**What you are asked to do**.
Copy out nothing but the lines from the one holding "Circular table with golden blown chassis" through the end of the entries below, exactly as written and without the pictures.

**Records provided**.
Start of Block
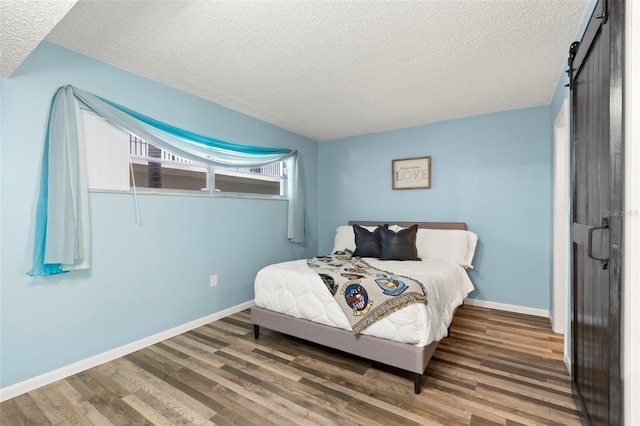 bedroom featuring a textured ceiling, a barn door, and dark wood-type flooring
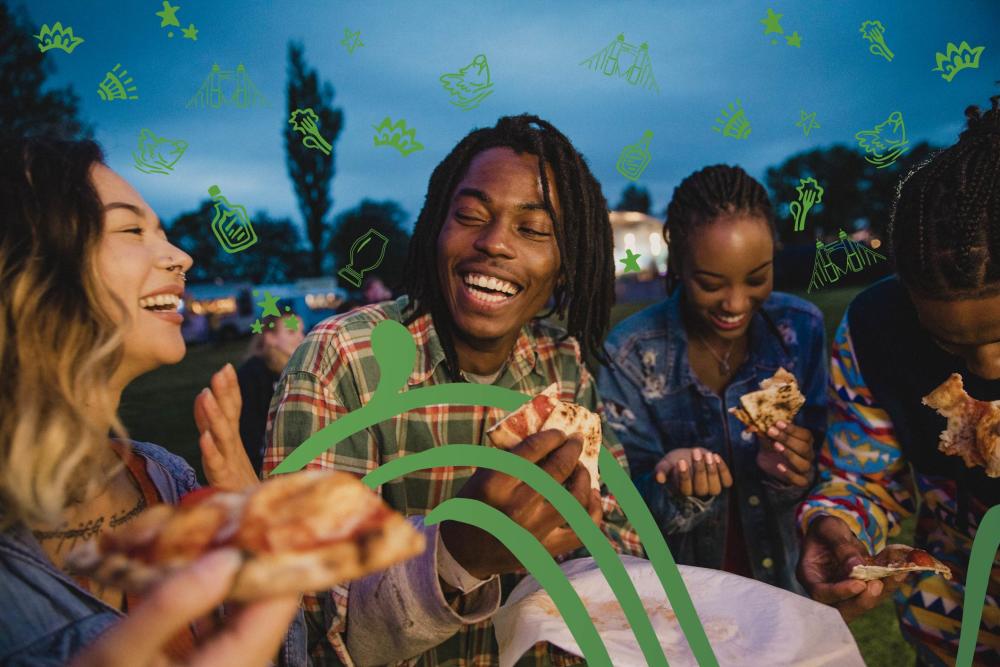 A group of people share a meal together. Green, hand drawn elements decorate the photo.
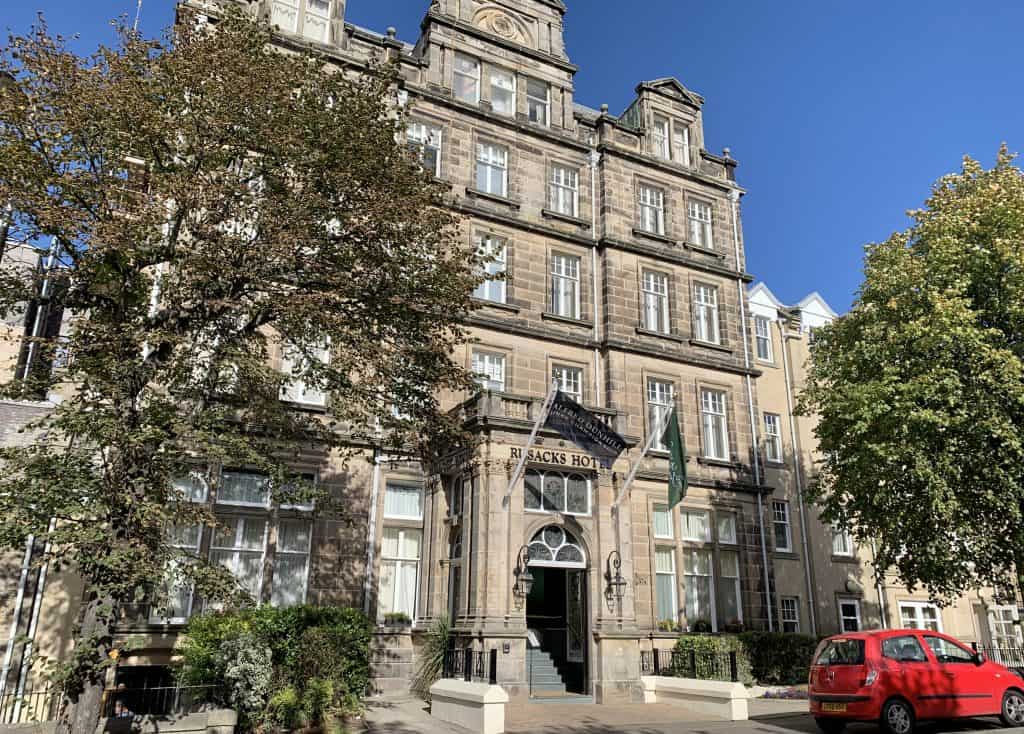 Rusacks Hotel, St Andrews exterior with a red car outside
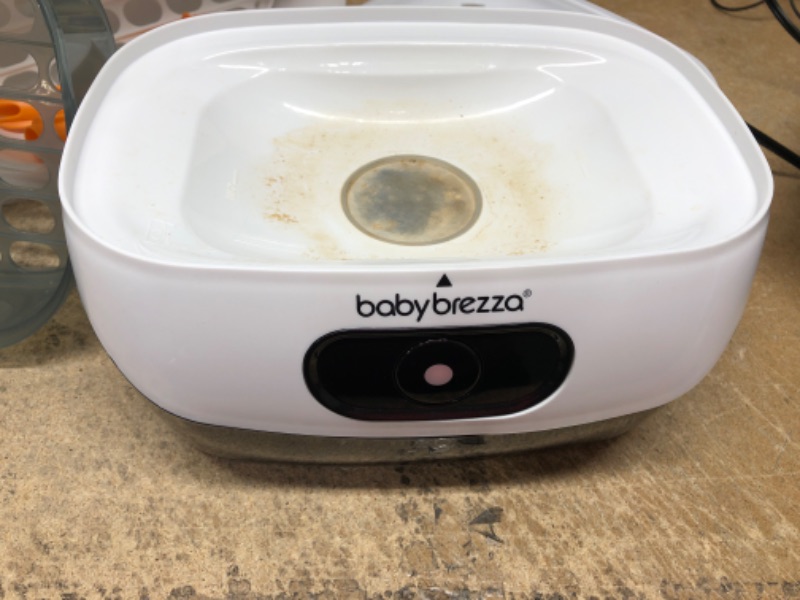 Photo 1 of Baby Brezza One Step Bottle Sterilizer – Electric Steam Sterilization – Universal Fit and Highest Capacity - Fits up to 8 Baby Bottles & 2 Sets of Pump Parts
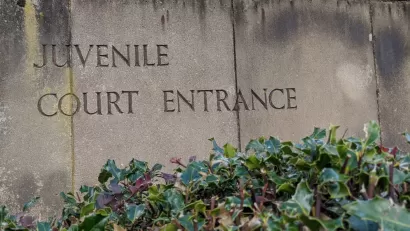 Weathered stone slabs with the words Juvenile Court Entrance engraved into it.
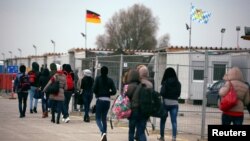 FILE - Eritrean migrants walk after arriving by plane from Italy at the first registration camp in Erding near Munich, Germany, Nov. 15, 2016. 
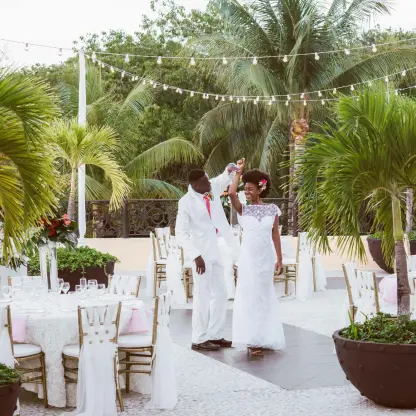 Bride and groom dancing at an outdoor terrace wedding reception at Sandos Playacar, Playa Del Carmen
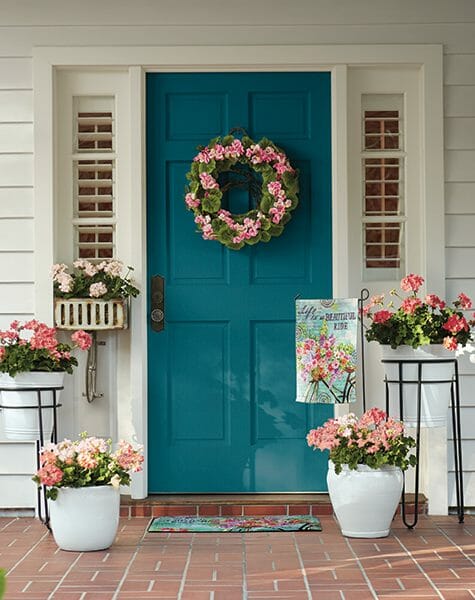 A teal front door with a pink geranium wreath, five planters of pink geraniums, a floral teal door mat & matching flag.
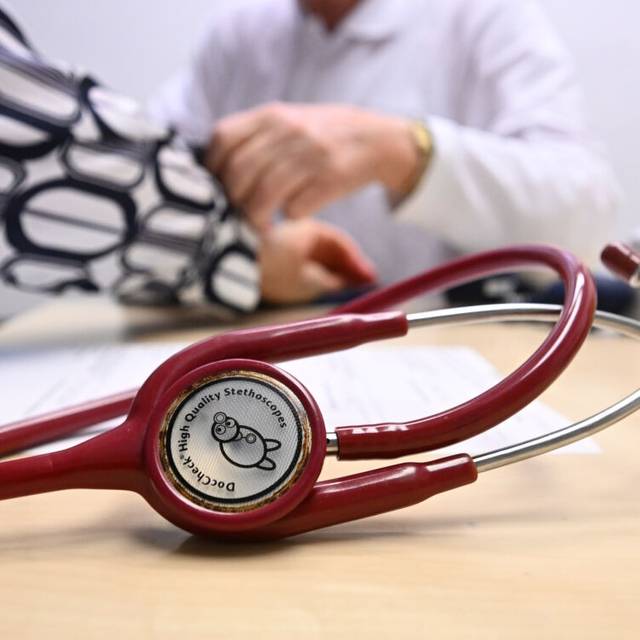 Ein Arzt misst in einer Bereitschaftspraxis in einem Krankenhaus in einem Untersuchungsraum bei einer Patientin den Blutdruck (gestellte Szene). Im Vordergrund liegt ein Stethoskop. (zu dpa: «Bürgermeister laufen Sturm gegen Pläne zu Notfallpraxen»)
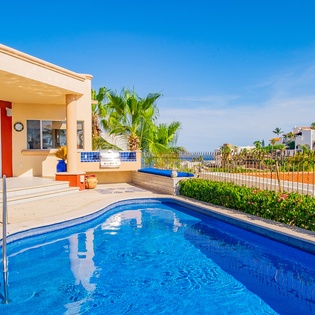 Poolside patio with ocean view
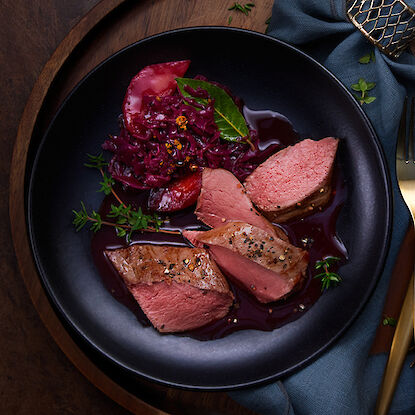 Viande de gibier tendre avec chou rouge et pomme, servie sur une assiette noire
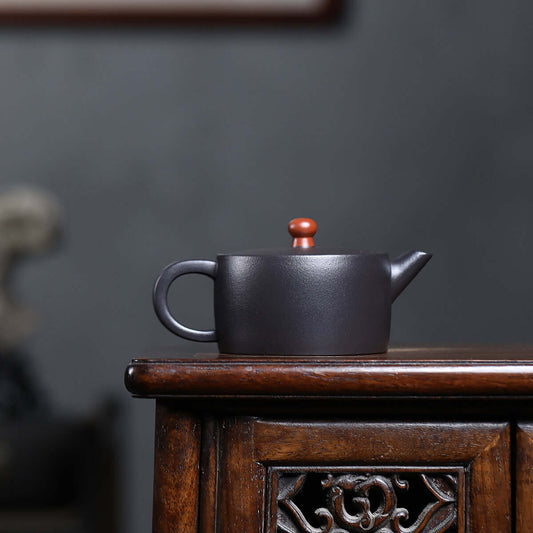 Handmade Yixing purple sand teapot on a wooden table, perfect for Kung Fu tea ceremonies.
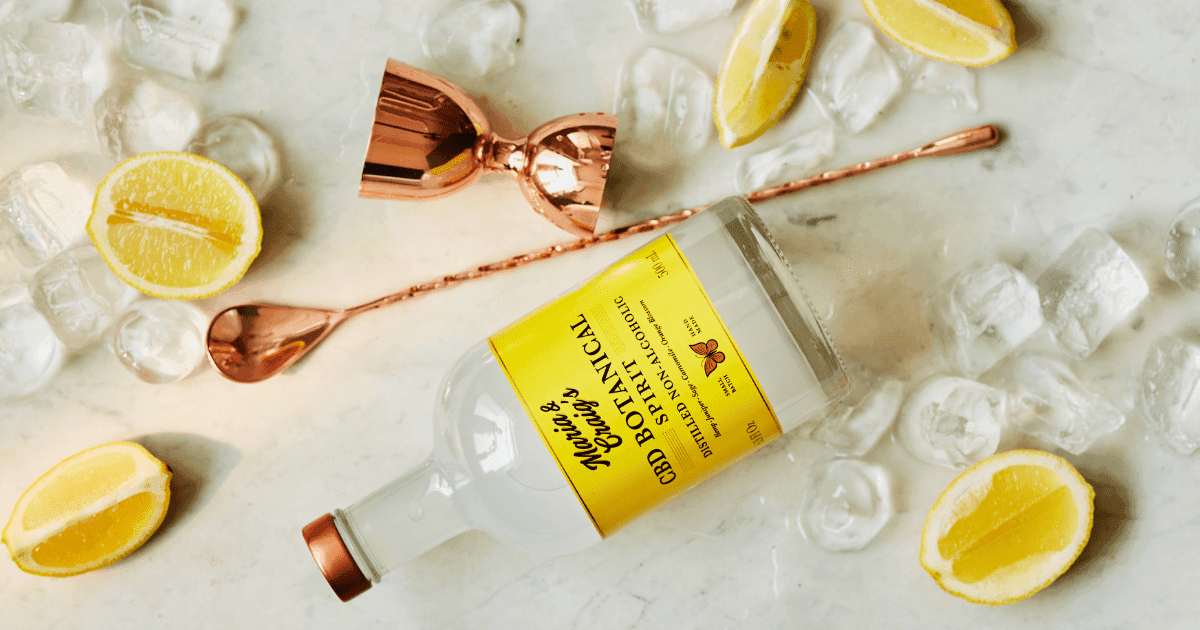 Drink: A bottle of Maria and Craig's on a surface surrounded by rose gold drink accessories, lemon slices and ice cubes for making a drink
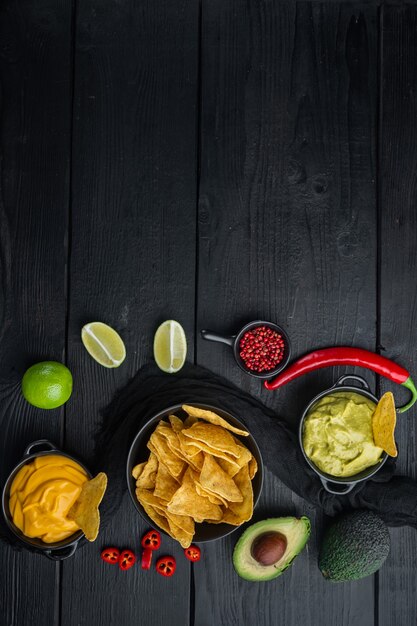 Snack crocante mexicano, chips de nachos e molho de abacate guacamole de queijo, em mesa de madeira preta, vista de cima ou plano plano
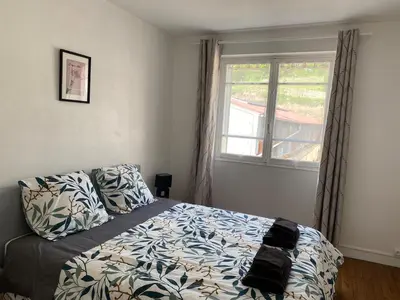 Un ou plusieurs lits dans un hébergement de l'établissement Cosy 2 bedroom apartment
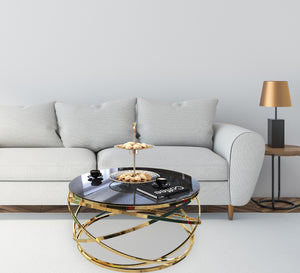 Circular table with golden blown chassis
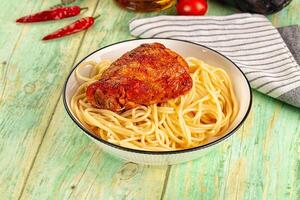 Spaghetti with meatballs in a bowl on a wooden table photo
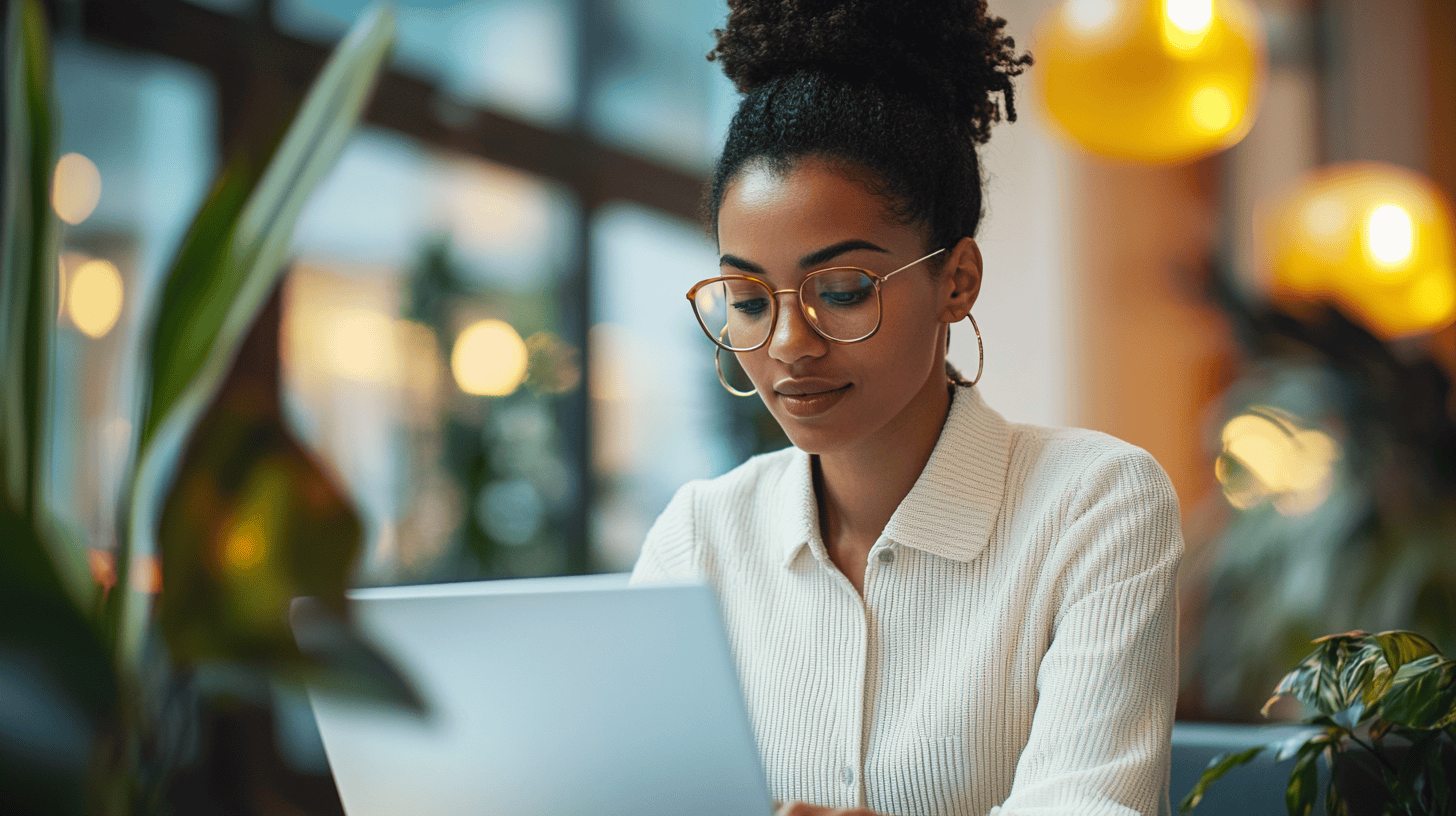 A woman with curly hair and glasses focuses on a laptop, surrounded by plants and soft, warm lighting.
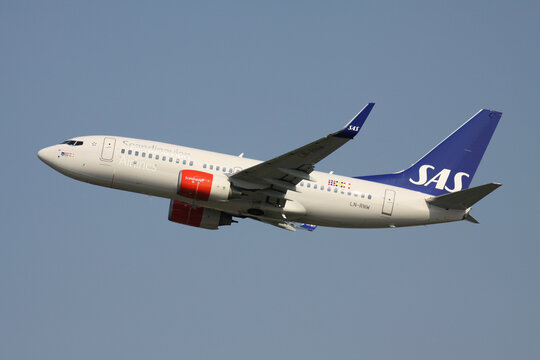 Dusseldorf, Germany - April 22, 2011: Scandinavian Airlines SAS Boeing 737-700 with registration LN-RNW just airborne at Dusseldorf Airport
End of Block
**Expected output**.
 Circular table with golden blown chassis
 Spaghetti with meatballs in a bowl on a wooden table photo
 A woman with curly hair and glasses focuses on a laptop, surrounded by plants and soft, warm lighting.
 Dusseldorf, Germany - April 22, 2011: Scandinavian Airlines SAS Boeing 737-700 with registration LN-RNW just airborne at Dusseldorf Airport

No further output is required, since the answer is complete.